On-site Evaluation of Concrete Strength is a main challenge in the condition assessment of existing infrastructure, or the quality control of new construction. Owners, maintenance managers of such existing concrete structures normally prefer non-destructive and non-intrusive methods to avoid further damage to an already struggling structure. In construction projects, switching to non-destructive means less intervention, shorter down-times, and saving money. However, all parties agree that the strength of concrete is a critical parameter. In this article, we will review the potential options and practical solutions for on-site evaluation of concrete strength.

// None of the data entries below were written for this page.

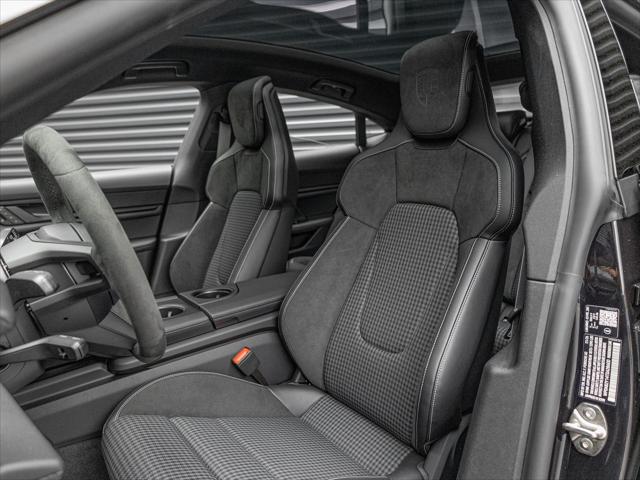 2026 Porsche Taycan 4S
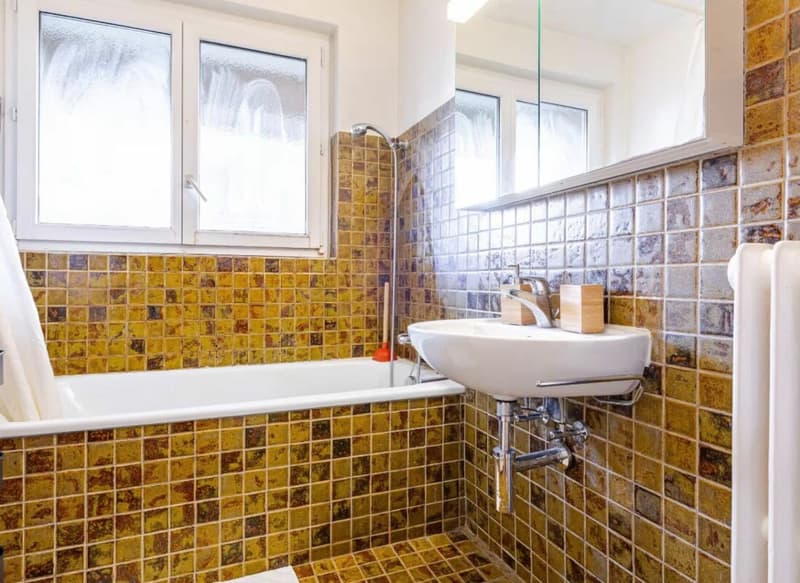 Badezimmer mit Badewanne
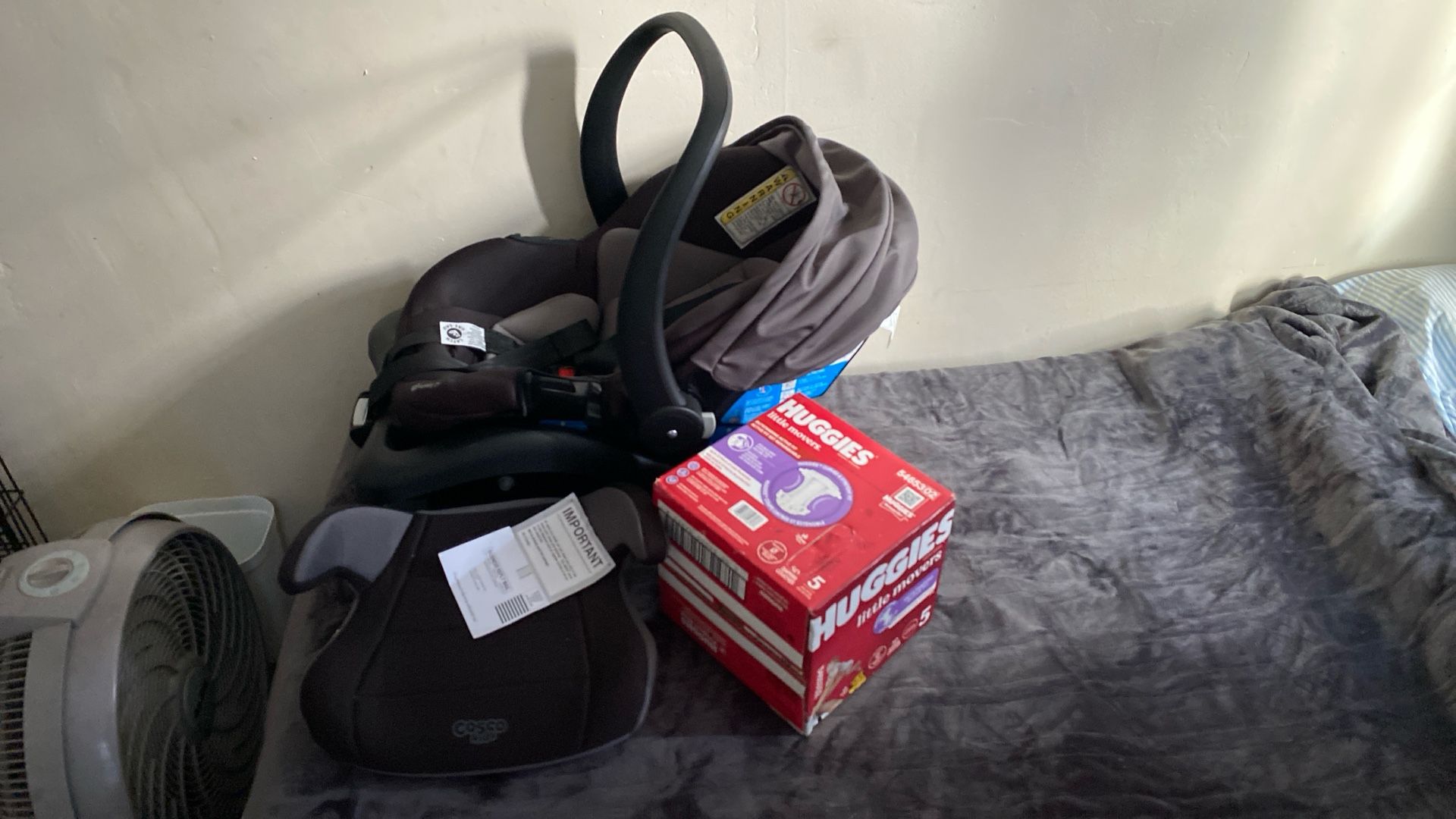 Baby Stroller W/ Car seat & 50 Diapers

On-site Evaluation of Concrete Strength
Concrete strength (compressive strength) is by far the most important property of concrete. It represents the mechanical properties of concrete; The 28 days compressive strength of concrete cylinders or cube samples has widely been accepted as the minimum specified concrete strength in most design codes (ACI 318-14, CSA A23.3-14). Concrete Strength is also considered (at least in the old school) a key factor for durability performance and design for performance. The following will take a quick look at the most conventional test (concrete compression test on concrete samples or cores), as well as some of the major non-destructive testing solutions for evaluation of concrete strength.
1- Compression Test On Concrete Cores
Extracting concrete samples (Read More: Challenges of Concrete Coring) and testing for compressive strength is often considered the most cost-effective and most reliable solution. In fact, many codes and guidelines consider this the only approved method for evaluating concrete strength. In this case, concrete core is taken from the existing structure.

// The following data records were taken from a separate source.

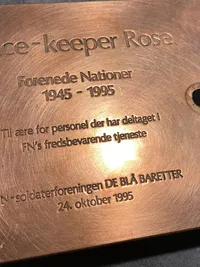 Originalt FN skilt “peace keeper rose”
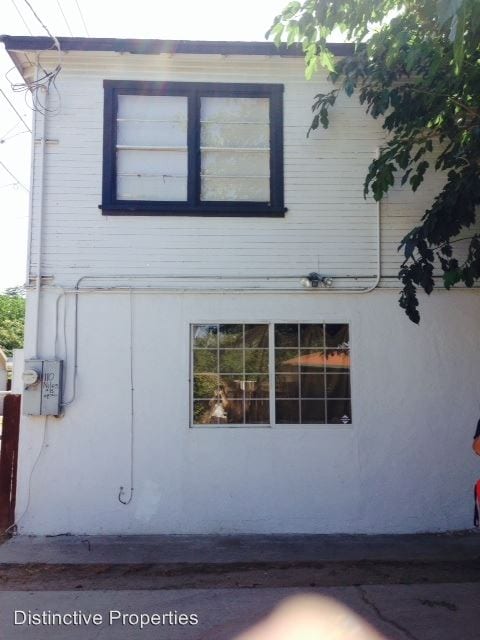 Building Photo - 110 1/2 Niles St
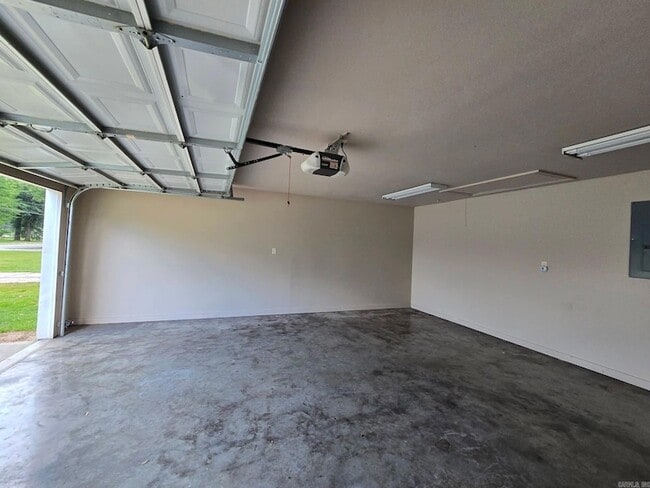 Building Photo - 203 N Bernis St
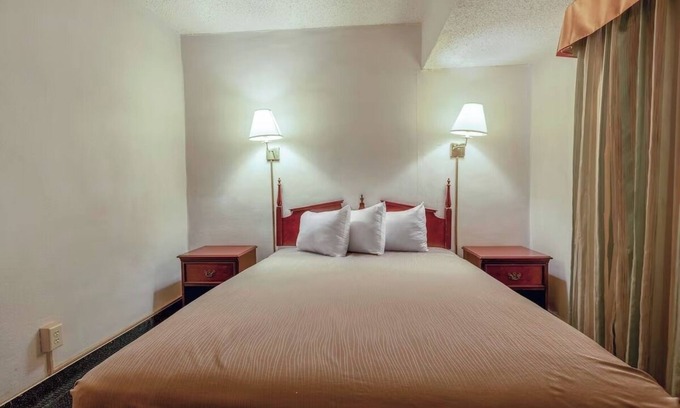 Allison Hotel | Road Trip Ready Room w/Free Parking & Easy Access to Interstate 40 Routes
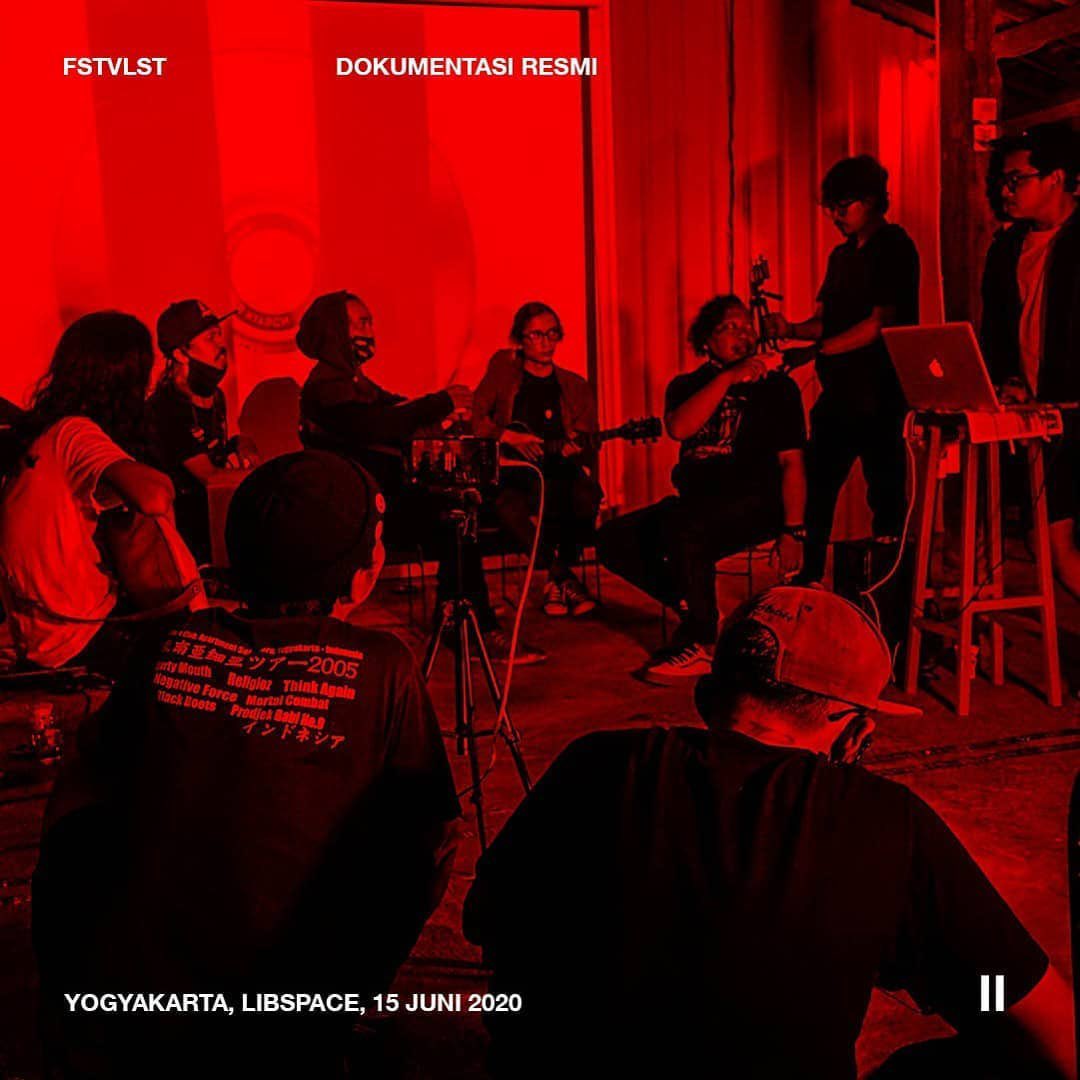 FSTVLST's tweet photo. tepat hari ini, kira-kira juga jam segini.

terima kasih, telah mengambil keputusan untuk mendukung fstvlst, hingga saat ini, bahkan mungkin nanti~ https://t.co/D6VVsgPHrW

The core needs cutting (sawing) and surface preparation. The core is then tested for compressive strength. However, the reality is far from this. There are certain questions that needs to be answered: Where to take concrete cores from? How to handle cores properly (maintain moisture, safe mobilization)? How many cores will yield reliable information?

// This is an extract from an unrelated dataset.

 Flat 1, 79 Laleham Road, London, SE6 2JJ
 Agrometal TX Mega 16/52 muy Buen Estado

- This is the most reliable method to estimate the compressive strength. The method is relatively fast.
- It is destructive. Not only it damages concrete integrity, it might affect reinforcing bars in RC structures. Rebar locating tools, such as Ground Penetrating Radar – GPR are needed to avoid this problem.
- Selecting test locations can be difficult. Selecting the best location of cores is relatively subjective.
- The locations of cores needs to be repaired.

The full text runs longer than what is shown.